Contudo, uma análise mais aprofundada revela que a reprimarização não anula a validade da lei do desenvolvimento desigual e combinado, mas a complexifica e a atualiza. Embora a desindustrialização reduza o peso relativo do proletariado fabril clássico, ela é acompanhada pelo crescimento de novas formas de proletarização, especialmente nos setores de serviços e da agroindústria. Esses trabalhadores precarizados, muitas vezes submetidos a condições de superexploração, constituem uma parcela significativa e crescente da classe trabalhadora nos países dependentes.

O agronegócio, por exemplo, longe de representar um retorno a formas pré-capitalistas de produção, incorpora elementos de mecanização, biotecnologia e gestão moderna, combinando-os com relações de trabalho precárias e até análogas à escravidão. Essa combinação contraditória gera uma massa de proletários rurais, que vivenciam na pele as contradições do desenvolvimento desigual e combinado. Esses trabalhadores, apesar de sua dispersão geográfica e das dificuldades de organização, têm protagonizado importantes lutas e mobilizações, como as greves no setor de cana e as ocupações de terra pelo movimento sem-terra, essas últimas, ainda que com bastante refluxo.

Já nos setores de serviços, a precarização assume diversas formas, como a terceirização, a informalidade e o trabalho intermitente. Esses trabalhadores, muitas vezes jovens com escolarização, enfrentam a instabilidade, os baixos salários e a falta de direitos. Apesar da heterogeneidade e da fragmentação, esses setores têm demonstrado um grande potencial de mobilização, como evidenciado nas lutas dos entregadores por aplicativo, dos trabalhadores da limpeza e dos professores precários.

Além disso, a especialização primário-exportadora aprofunda a integração das economias dependentes ao mercado mundial e sua vulnerabilidade às crises globais.

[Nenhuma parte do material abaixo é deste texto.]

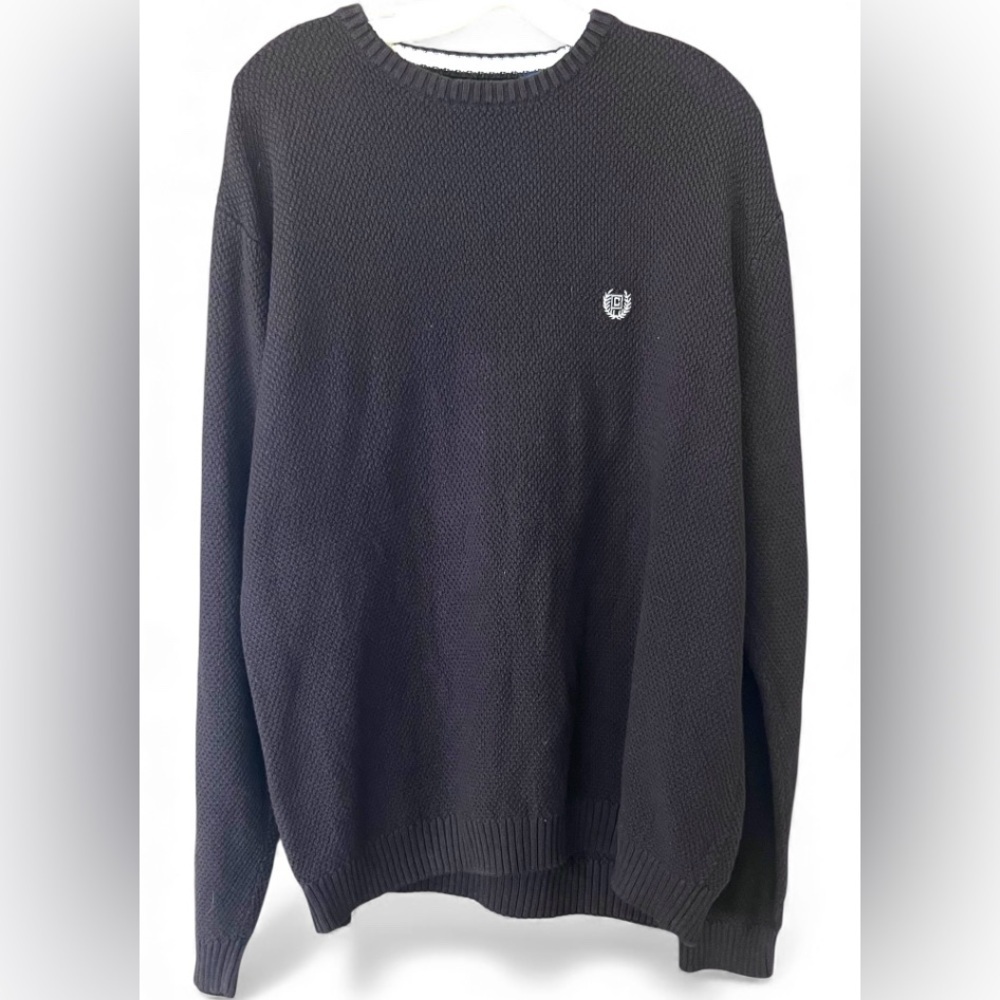 Chaps Ralph Lauren Men’s Textured Knit Sweater /Large Choc Brown Pullover/Large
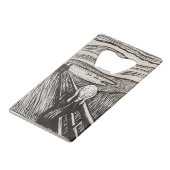 エドバードムンチザスクリームリトグラフプリント有名 クレジットカード栓抜き (正面アングル)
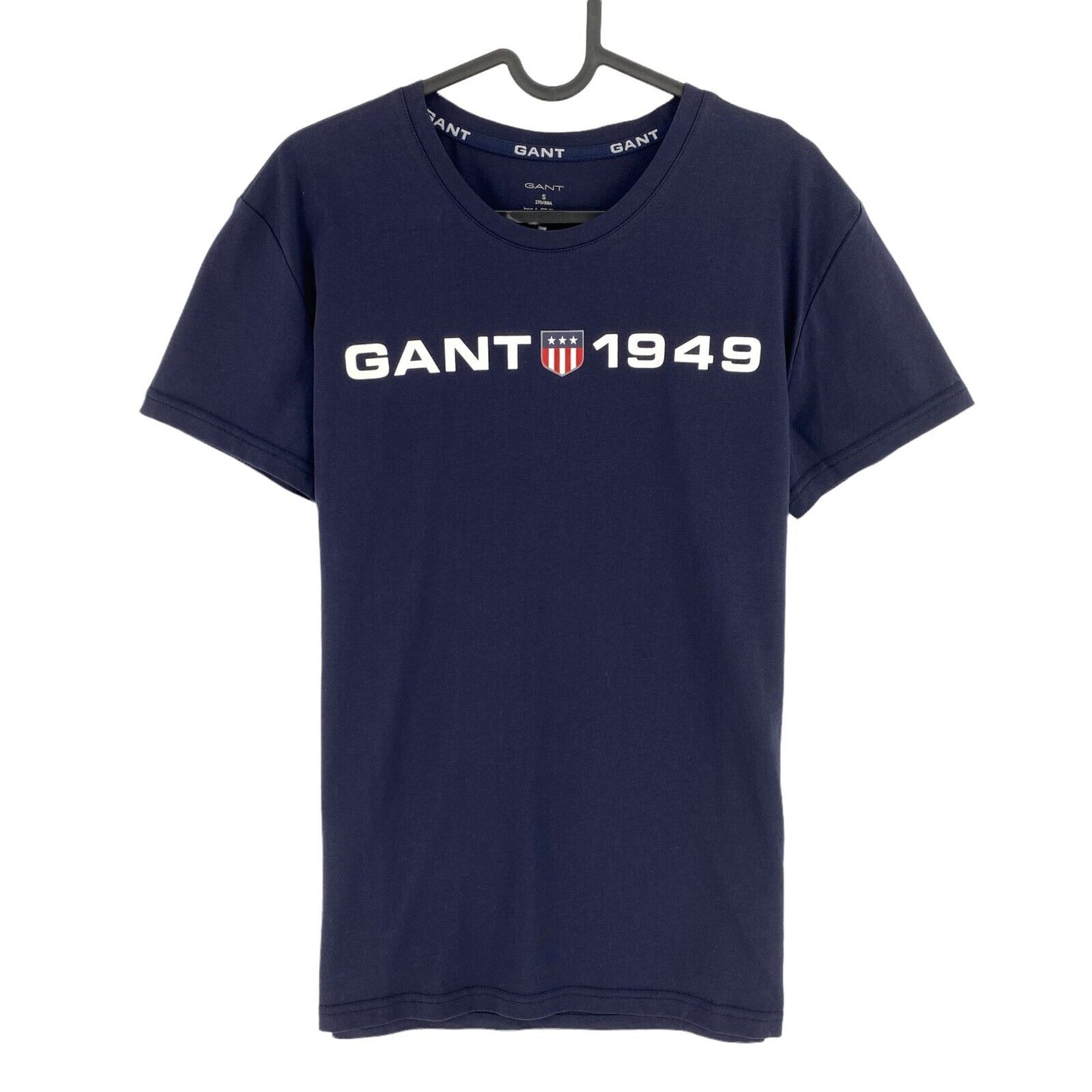 GANT Navy Blue Retro Shield Crew Neck T-Shirt Top Size M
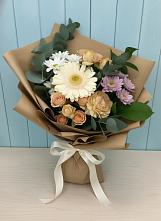 Букет цветов из:  Герберы и Хризантемы в Нижней Омке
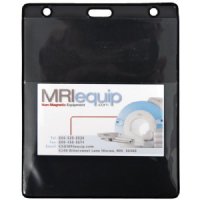 Black Vinyl Event Credential Holder, 25 Per Pack
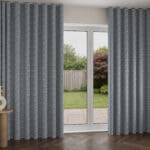 Laura Ashley Musica Velvet Dusky Seaspray Wave Curtain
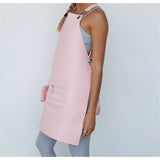 Chef Apron-Cross Back Apron for Men Women with Adjustable Straps and Large Pockets, Women Men Apron (lotus root color) In Australia - Darrahopens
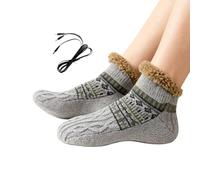 Bsbkoj Women's Heating Socks, Christmas Warming Clothing for Feet, Festive Winter Socks for Cold Morning Evening Relaxation Home Office Flat Bedroom Living Room Study Cellar Holiday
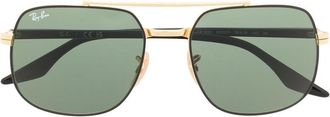Ray-Ban aviator-frame sunglasses - unisex - Metal/Acetate - 56 - Black
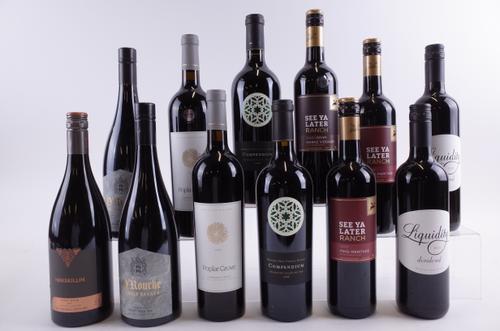 TWELVE BOTTLES CANADIAN RED WINE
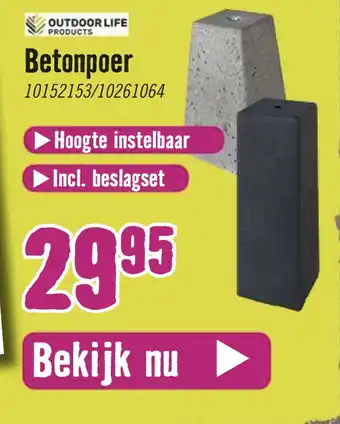 Hornbach Betonpoer 10152153/10261064 aanbieding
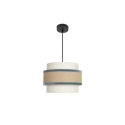 Lampara colgante cornalina beig y negro - Suinplas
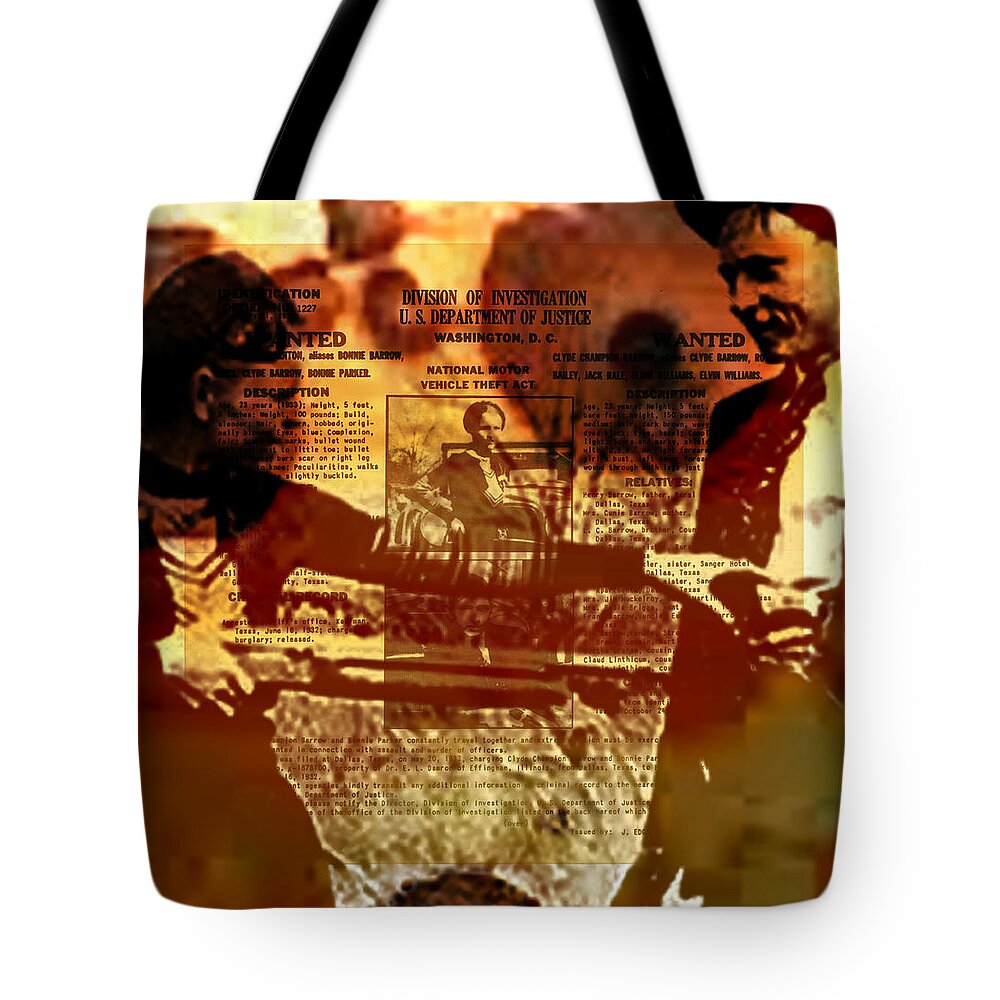 Fractal Art Tote Bag featuring the digital art Bonnie and Clyde by Elizabeth McTaggart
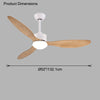 WOMO 3 Blade Modern Ceiling Fan Lamp-WM5006 thumbnail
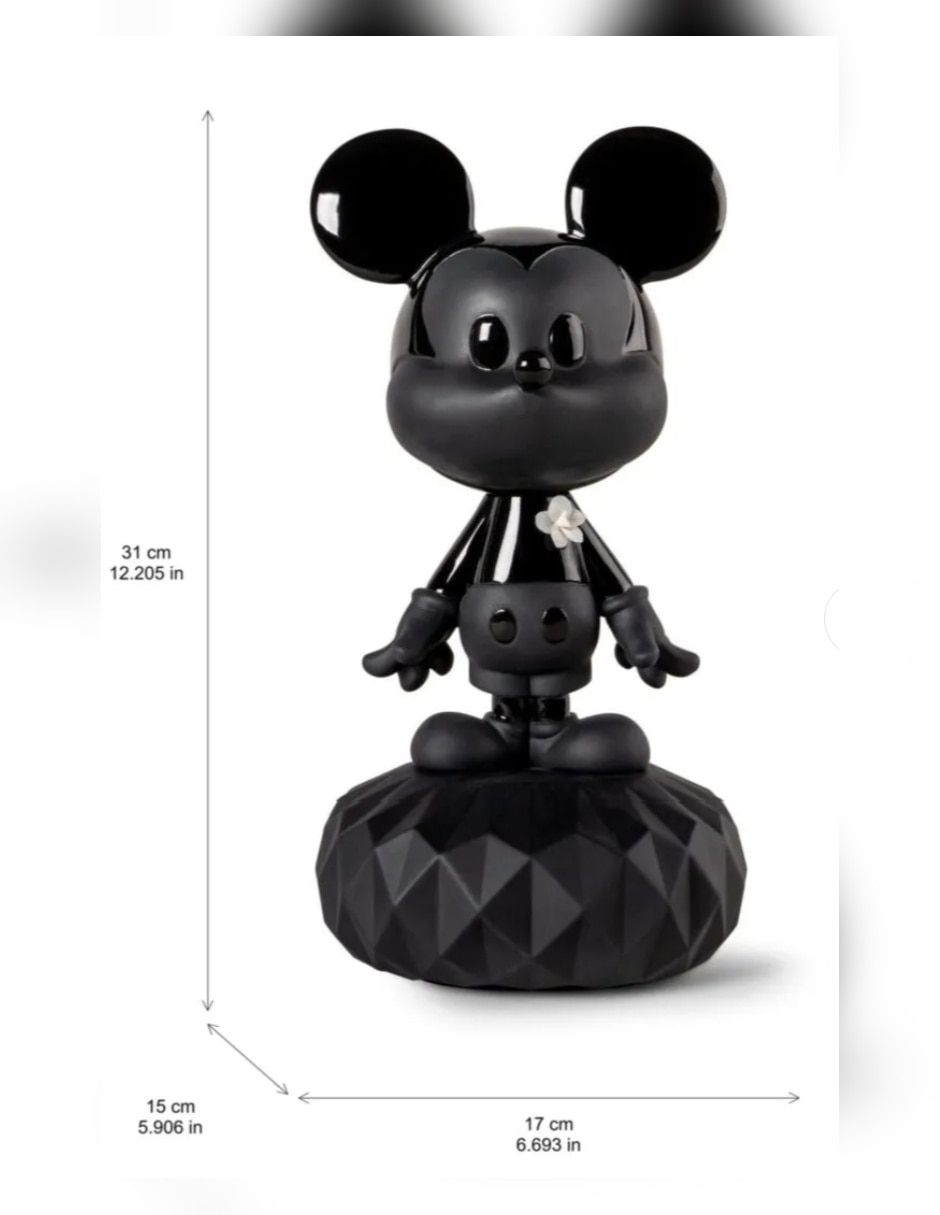 Escultura mickey mouse de porcelana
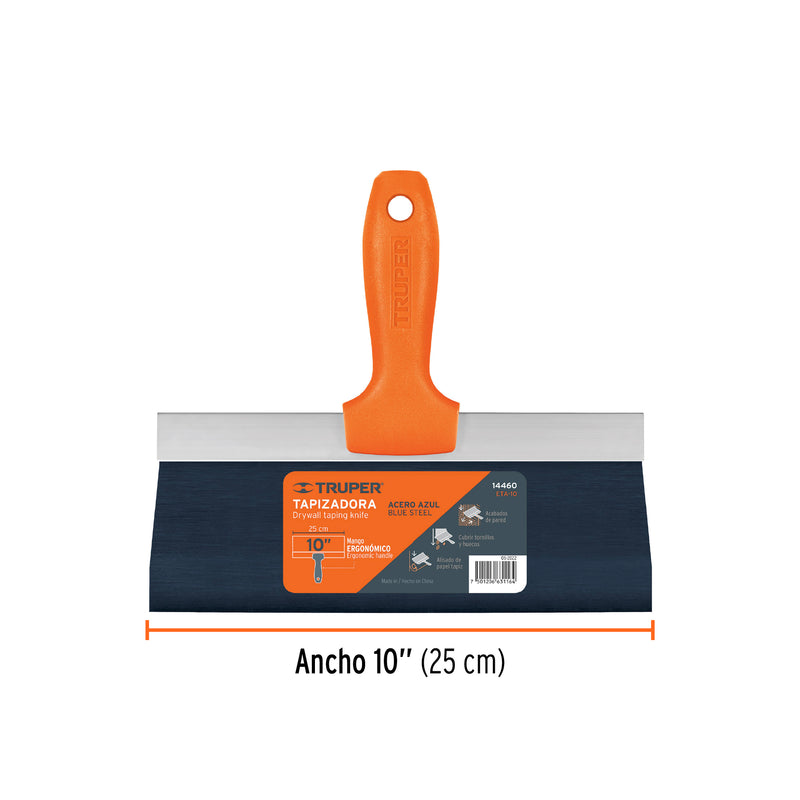Espátula tapizadora de 10" acero al medio carbono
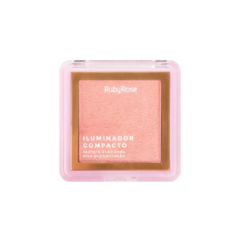 ILUMINADOR COMPACTO TEXTURA ACETINADA - RUBY ROSE 8,3G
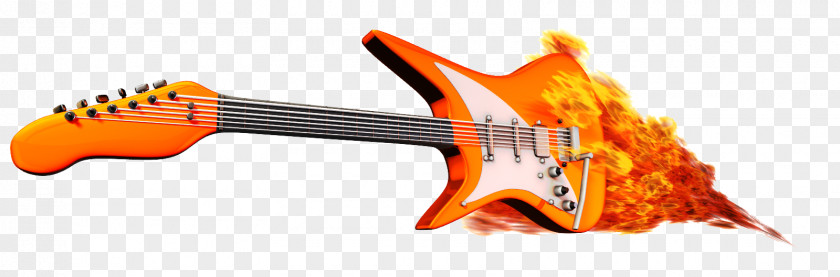 Electric Guitar Bass Rock And Roll PNG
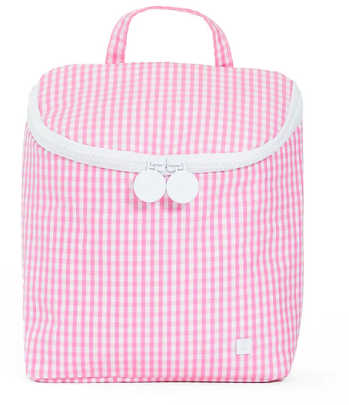 Gingham Pink- Take Away Insulated Lunch Bag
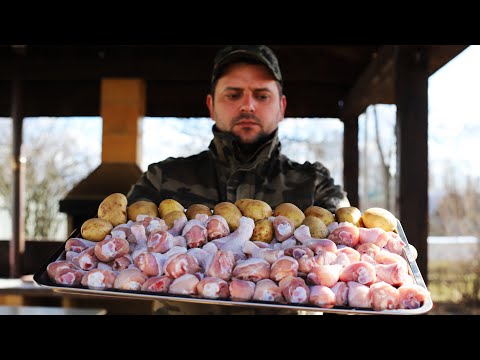 Видео: КУРИЦА ПО-ДАЧНОМУ В КАЗАНЕ НА КОСТРЕ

Os trabalhadores dos setores de commodities, mesmo quando não estão diretamente envolvidos na produção industrial, estão cada vez mais conectados às cadeias produtivas transnacionais e sujeitos às flutuações da demanda e dos preços internacionais. Essa condição reforça a dimensão internacionalista da luta de classes e a necessidade de uma estratégia revolucionária que articule as lutas nos países dependentes com as dos trabalhadores nos centros imperialistas.

Portanto, a reprimarização das economias dependentes não representa uma negação da lei do desenvolvimento desigual e combinado, mas uma nova manifestação de suas contradições. As formas de proletarização se transformam e se diversificam, abrangendo setores precarizados e superexplorados, que passam a ocupar um lugar central na estrutura de classes e na dinâmica da luta de classes.

O desafio enquanto os revolucionários é analisar corretamente a realidade e a estrutura de classes e correlação de forças entre elas. E a partir disso, encontrar as formas de organização e luta adequadas. Se faz preciso combinar a defesa dos direitos históricos do proletariado com a incorporação das demandas dos setores precarizados.

Isso porquê, a superação da condição de exploração sobre a que vivemos passa necessariamente pelo protagonismo da classe trabalhadora. Mesmo com suas mudanças de composição, o proletariado segue sendo a única classe consequentemente revolucionária, capaz de unificar os explorados em torno de um projeto socialista, o que requer um trabalho paciente de disputa da consciência das massas, para o qual se faz necessária construção de um partido revolucionário enraizado na classe, que dê consciência e direção política às lutas. O PSTU é parte fundamental deste processo.

Somente a classe trabalhadora, em aliança com os setores explorados, pode romper com a lógica da dependência e abrir um caminho de verdadeiro desenvolvimentos social e econômico. Isso passa pela ruptura com o imperialismo, pela estatização das grandes empresas, pela expropriação da burguesia e pela planificação da economia sob controle dos trabalhadores. Em outras palavras, a luta contra a dependência é indissociável da luta pelo socialismo.